State Institution 'Zaporizhzhia Medical Academy of Post-Graduate Education, Ministry of Health of Ukraine'
- Established: May 15, 1926
- Accreditation: Ministry of Education and Science of Ukraine
- Affiliations: Ministry of Health of Ukraine
- Rector: Oleksandr Nikonenko
- Location: Zaporizhzhia, Ukraine
- Campus: Suburban;
- Website: www.zmapo.edu.ua

= Zaporizhzhia Medical Academy of Post-Graduate Education Ministry of Health of Ukraine =

Ukrainian medical training institute

The Zaporizhzhia Medical Academy of Post-Graduate Education, Ministry of Health of Ukraine is the institution of higher education with IV level of accreditation, operates on the basis of state ownership. It reports to the Ministry of Healthcare of Ukraine.

==History==
In 1926 the Board of the People Commissariat of Health Care of Ukraine made the decision to open a clinical institute of advanced training of doctors in the city of Odesa. In order to bring qualified medical personnel to the industrial centers of the country in 1955, the institution was transferred to the city of Zaporizhzhia.

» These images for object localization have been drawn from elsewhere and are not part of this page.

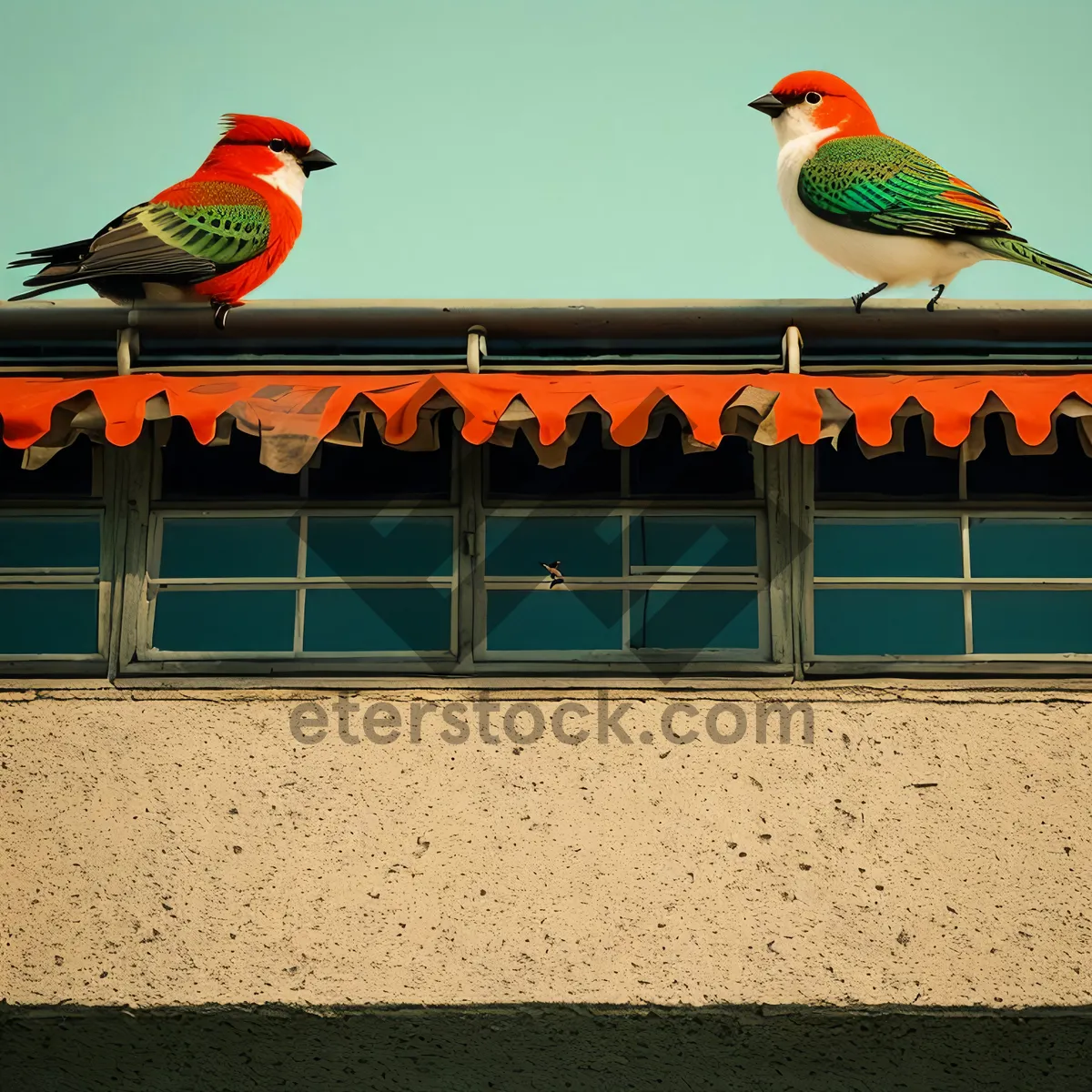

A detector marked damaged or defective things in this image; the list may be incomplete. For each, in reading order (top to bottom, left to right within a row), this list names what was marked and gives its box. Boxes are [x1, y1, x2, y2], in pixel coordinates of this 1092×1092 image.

torn awning edge [4, 373, 1092, 471]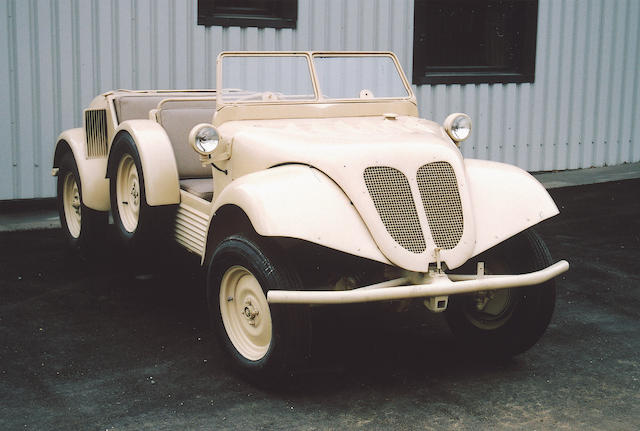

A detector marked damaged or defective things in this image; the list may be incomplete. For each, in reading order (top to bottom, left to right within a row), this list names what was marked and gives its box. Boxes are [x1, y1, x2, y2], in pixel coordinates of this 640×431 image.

exposed fender [52, 128, 110, 211]
exposed fender [110, 119, 179, 205]
exposed fender [208, 166, 392, 264]
exposed fender [464, 160, 560, 258]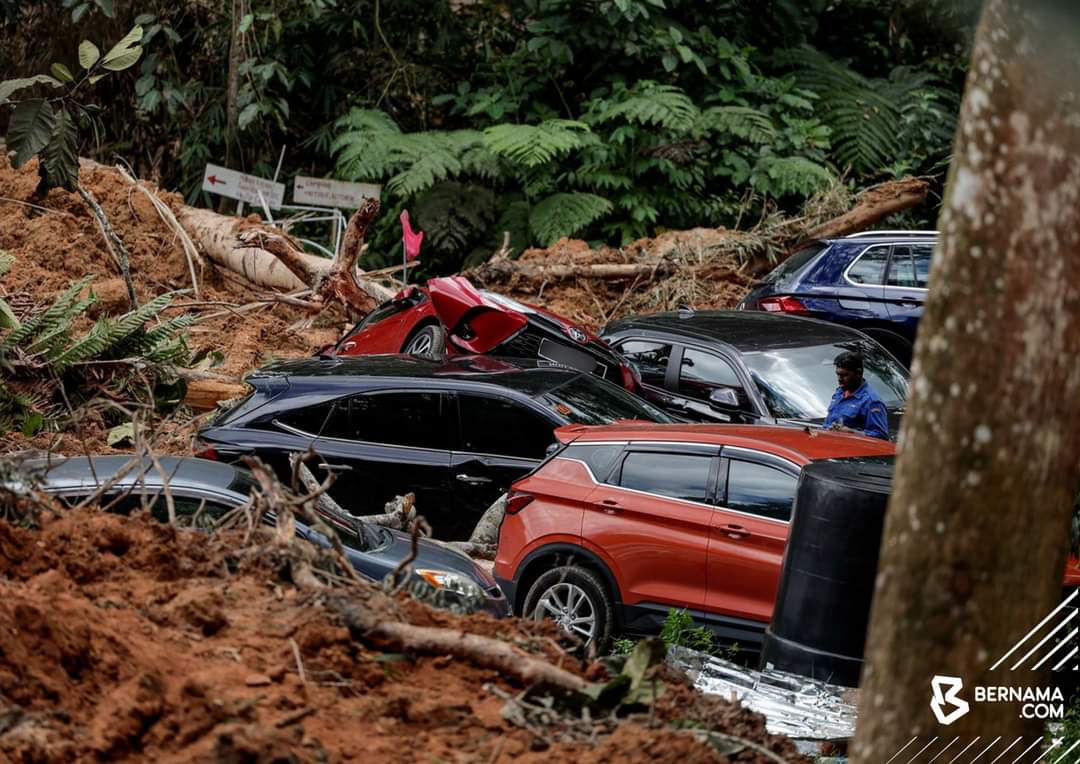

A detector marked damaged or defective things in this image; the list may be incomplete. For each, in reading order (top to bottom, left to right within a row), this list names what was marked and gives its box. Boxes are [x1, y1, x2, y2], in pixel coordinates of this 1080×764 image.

damaged vehicle [324, 274, 636, 390]
red crushed car [322, 276, 640, 394]
damaged vehicle [193, 356, 668, 540]
damaged vehicle [20, 454, 510, 616]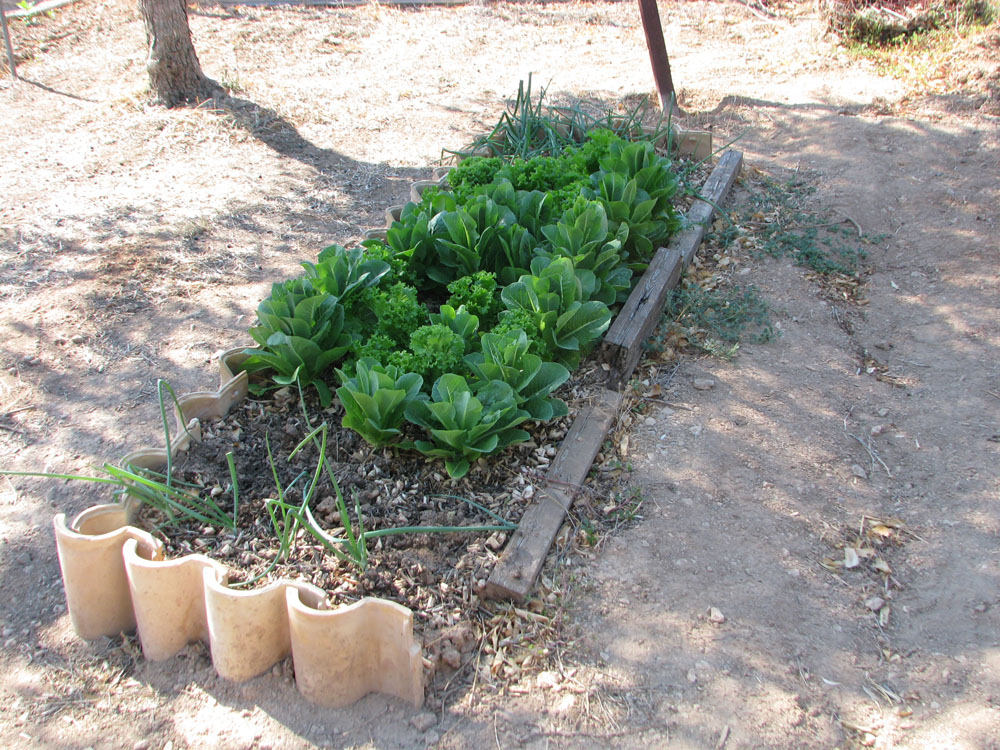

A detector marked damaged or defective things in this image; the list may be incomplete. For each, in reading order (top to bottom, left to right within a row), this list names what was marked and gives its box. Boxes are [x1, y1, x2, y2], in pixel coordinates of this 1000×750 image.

rusty metal stake [1, 4, 17, 81]
rusty metal stake [640, 0, 672, 113]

By the Order of Cabinet of Ministry of Ukraine from 26.11.2003 No.704-r Zaporizhzhia State Institute of Advanced Training of Doctors was reorganized in Zaporizhzhia Medical Academy of Post-Graduate Education (since 2011 - State Institution Zaporizhzhia Medical Academy of Post-Graduate Education Ministry of Health of Ukraine).

From the first years of foundation at institute therapeutic and surgical faculties worked. On execution of the State program of reforming of primary medic and sanitary help to the population on bases of the general practice / family medicine in 2002 the faculty of family medicine was opened. Today in academy three faculties function: therapeutic, surgical and faculty of family medicine which unite 26 departments on which preparation of doctors on 62 base medical specialties (disciplines) in the direction 1201 "Medicine" are carried out.

In SI Zaporizhzhia Medical Academy of Post-Graduate Education Ministry of Health of Ukraine the Institute of cardiovascular surgery and transplantology, and also scientific research institute of eye diseases work. Strategy of activity of SI ZMAPO Ministry of Health of Ukraine is ensuring quality of the higher education, preservation of achievements and traditions of the Ukrainian medical school, integration into world system of the higher education. The academy has considerable cultural traditions and executes mission of the center of professional development of doctors in the Zaporizhzhia region, and reproduction of intellectual potential of the country.

==Institutes and faculties==
Institute of cardiovascular surgery and transplantology (2003)

Research institute of eye diseases (2006)

==Chancellors==
- 1955-1963 – Professor Karpuhin Vasiliy Timofeevich
- 1963-1979 – Professor Chulkov Nikolay Zinov’evich
- 1979-1992 – Honored worker of the higher school, Professor Shershnev Vladimir Georgievich
- 1992-1993 – Professor Polivoda Sergey Nikolaevich
- 1993-2002 – Professor Portus Roman Mihaylovich
- 2002–present – academician of National Academy of Medical sciences, corresponding member of National Academy of Sciences of Ukraine, Honored Scientist of Ukraine, Laureate of the State Prize of Ukraine, doctor of medical sciences, Professor Nikonenko Oleksandr Semenovich.

==Honorable doctors and famous alumni==
Among scientists of the academy there is one academician of NAMS of Ukraine, the corresponding member of NAS of Ukraine, 10 Honored workers of a science and equipment of Ukraine and the Deserved doctors

==Awards and reputation==
On the State rating of MH of Ukraine (2000-2002) the academy took leader (ІІ-ІІІ) places among medical (pharmaceutical) schools of Ukraine in the nomination "personnel policy". Chancellor and collective of academy took Diplomas of State Ukrainian project @The Best Medical Schools of Ukraine (2007), National medical prize (2011) etc.